Ey cematimüslimin Allah’ın bu günününe hamdolsun. Kaç haftadır cuma kılamıyorduk. Camilerin kapısı hâlâ kapalı. Maşallah havalar da güzel gidiyor, cumaları biraz böyle idare edeceğiz artık. Böyle bir alan bularak cuma kıldığımıza da ayrıca şükretmemiz gerekir. Aslında sol tarafa geçebilirdim ama hava çok sıcaktı hem de burası biraz mimberi andırdığından vaazı burada okumak zorundayım. Sakın içinizden “Hoca gölgeye geçmiş vaazı artık istediği kadar uzatır.” diye kendi kendinizle konuşarak namazı fesada vermeyin. Buraya merdivenle çıktım yine merdivenden ineceğim.
Sevgili din kardeşlerim! Cenabı Allah Bakara Suresi’nde (2/222): “Şüphesiz Allah tövbe edenleri sever, temizlenenleri de sever.” buyurmaktadır. Açık havada ve bir parkta kaydırağa basarak cuma hutbesi okumamızın nedeni de koronadır. Bu ve benzeri hastalıklar için efendimiz Hz. Muhammed (sav)’in “Bir yerde veba ve benzeri, herhangi bir bulaşıcı hastalık olduğunu işittiğiniz zaman, o yere girmeyiniz. Bulunduğunuz yerde böyle bulaşıcı bir hastalık varsa, oradan da çıkıp kaçmayınız.” şeklindeki hadis-i şerifinin önemini Tramp bile keşfederek bilboardlarda paylaştığına göre ben de bugün bu konu üzerinde biraz durmak istiyorum.
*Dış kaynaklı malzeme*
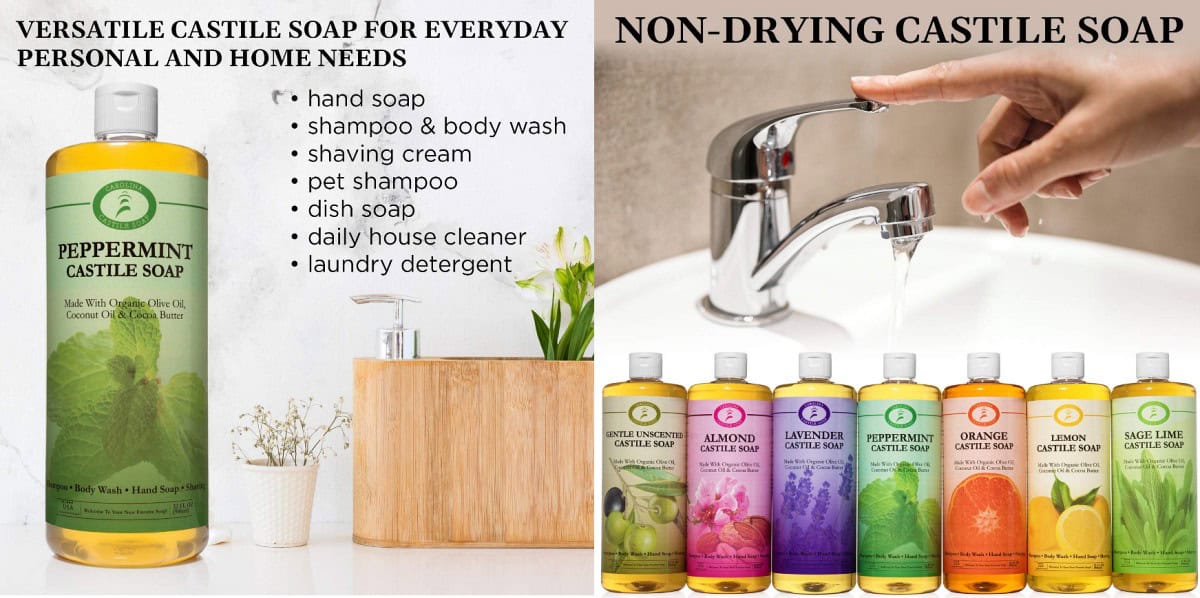 Carolina Castile Soap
Maşallah gördüğüm kadarıyla cemaatimiz maskelerini nizami şekilde takmış sosyal mesafeye uyduğunuza göre burada size söyleyecek fazla sözüm yok ama asıl sözlerimin geçerliliği cumadan sonra başlayacağından söylediklerimi can kulağıyla dinlemenizi rica ederim. Ben hutbeye çıktığımda yanınızda yönünüzde uyuyanlar varsa onları dirseğinizle dürtme imkanınız olmadığını biliyorum. Onun için hep birlikte bir ayağa kalkalım sonra oturalım lütfen.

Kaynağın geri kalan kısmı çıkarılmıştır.